→ **What needs to be done**
Output the entries exactly. Start at the first line, finish with the line containing "One Consciousness, Multiple", and omit the pictures.

→ **The data**
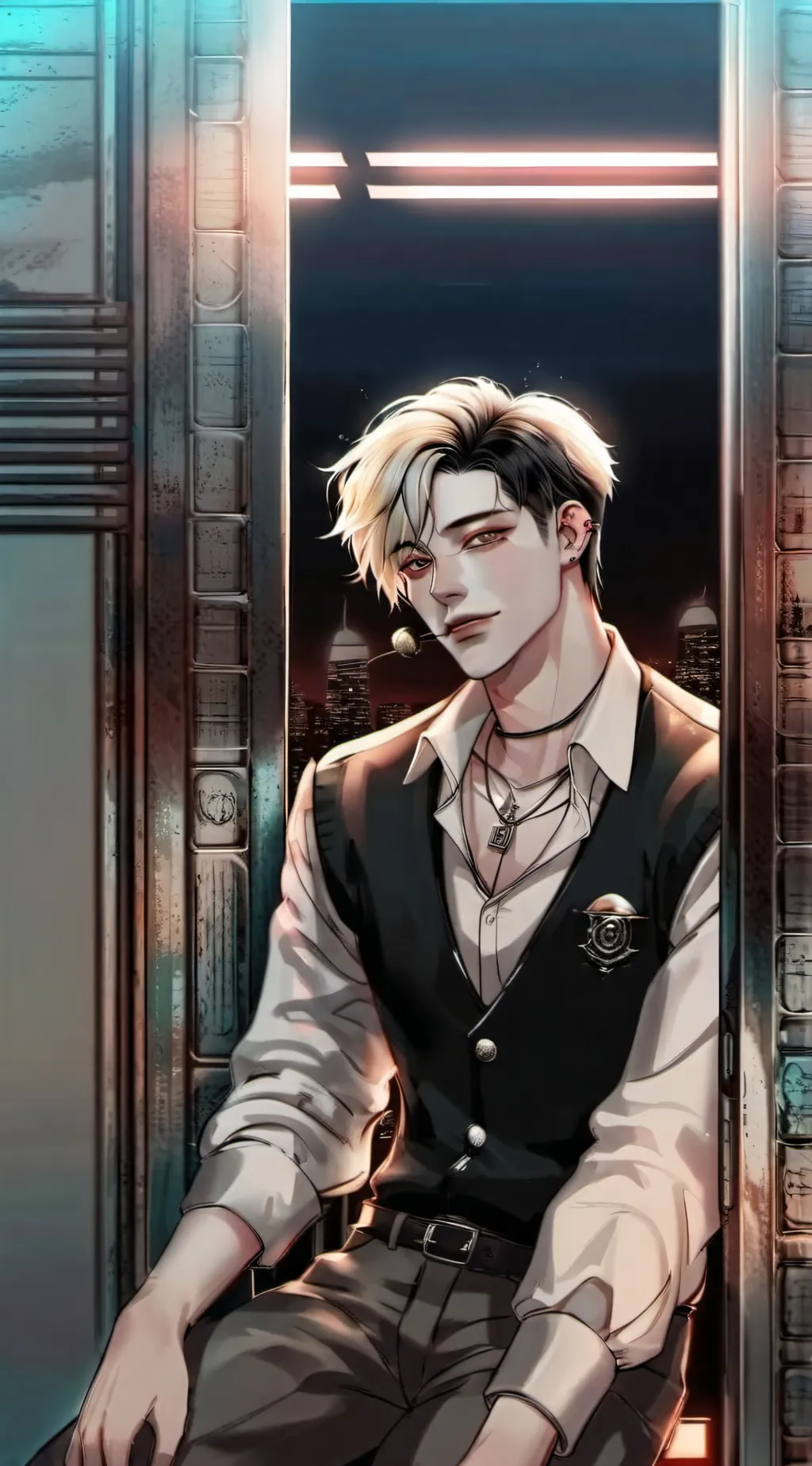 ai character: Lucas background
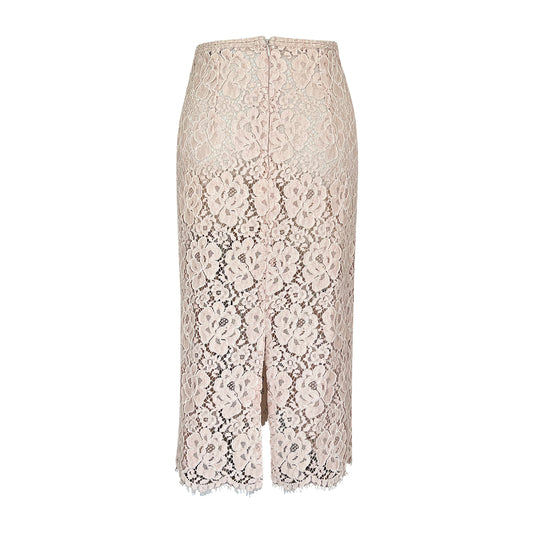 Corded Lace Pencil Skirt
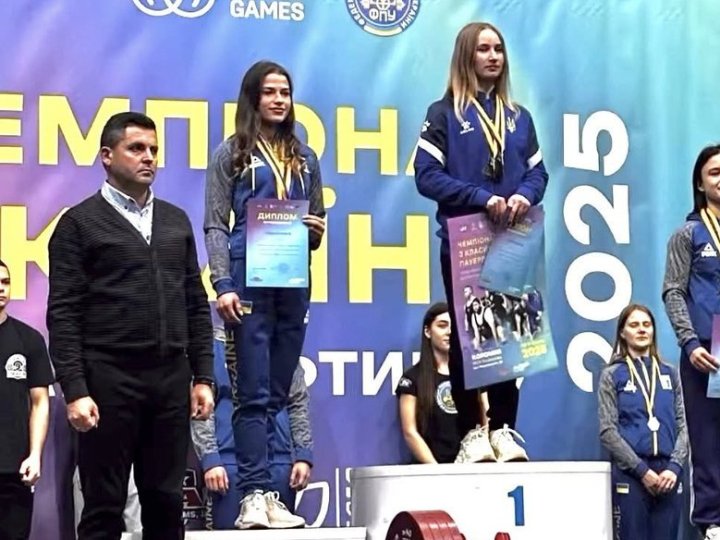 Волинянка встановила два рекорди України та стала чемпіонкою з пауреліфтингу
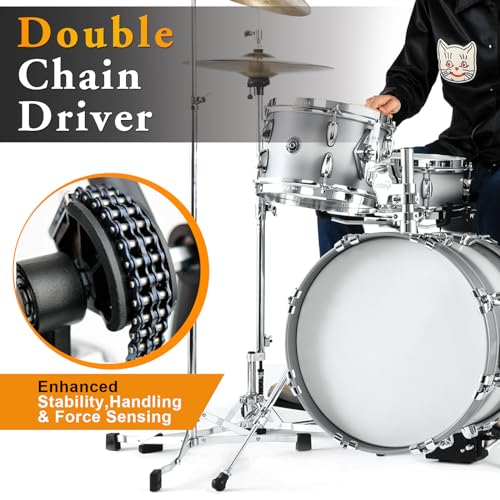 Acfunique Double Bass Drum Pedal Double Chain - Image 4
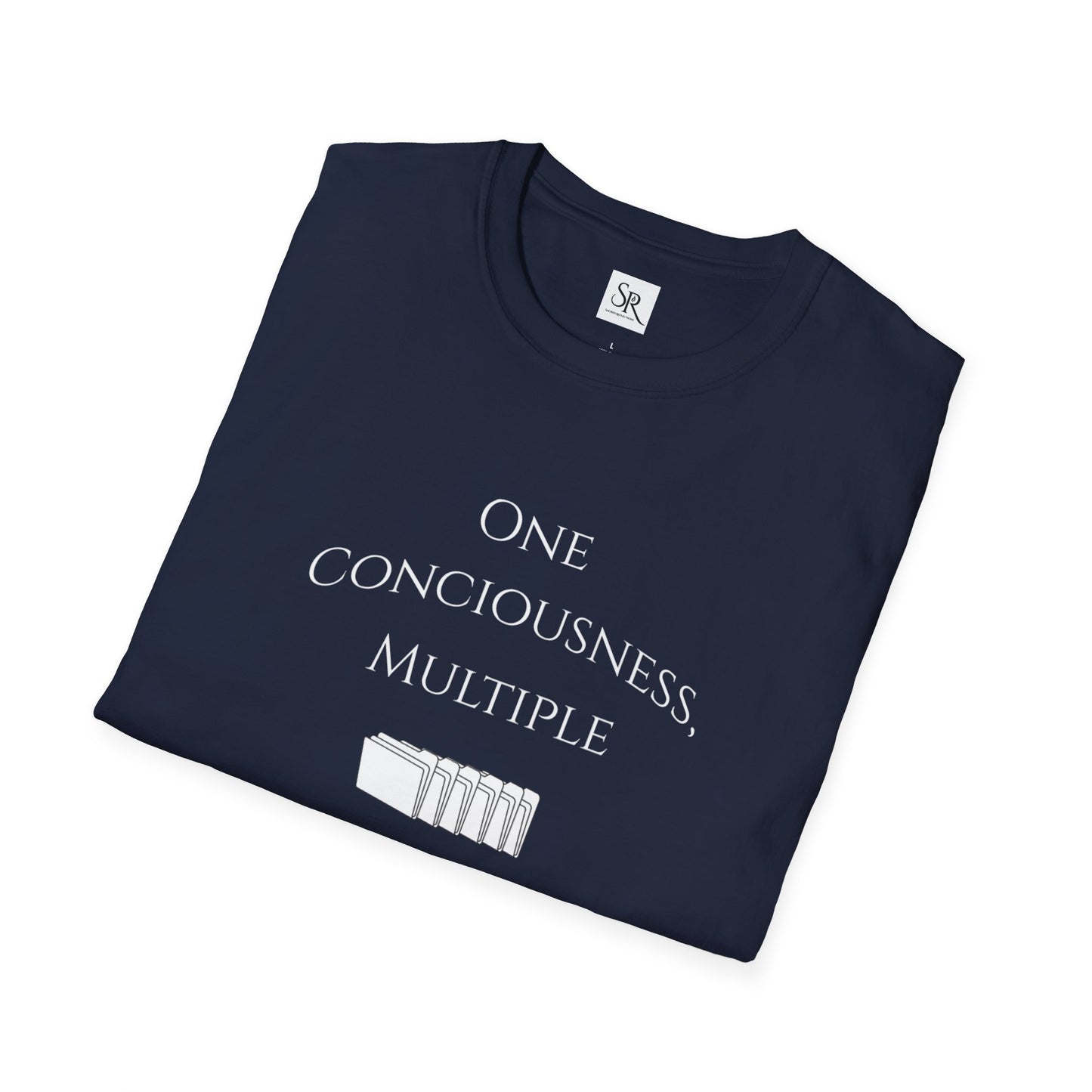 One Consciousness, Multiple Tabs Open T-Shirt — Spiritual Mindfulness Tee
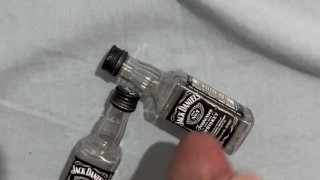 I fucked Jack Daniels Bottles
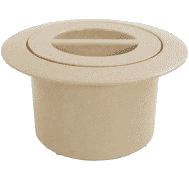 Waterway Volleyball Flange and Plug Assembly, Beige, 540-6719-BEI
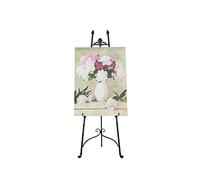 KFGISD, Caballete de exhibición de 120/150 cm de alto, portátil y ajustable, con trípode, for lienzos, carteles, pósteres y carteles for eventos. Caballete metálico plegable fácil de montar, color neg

→ **Task response**
 ai character: Lucas background
 Corded Lace Pencil Skirt
 Волинянка встановила два рекорди України та стала чемпіонкою з пауреліфтингу
 Acfunique Double Bass Drum Pedal Double Chain - Image 4
 One Consciousness, Multiple Tabs Open T-Shirt — Spiritual Mindfulness Tee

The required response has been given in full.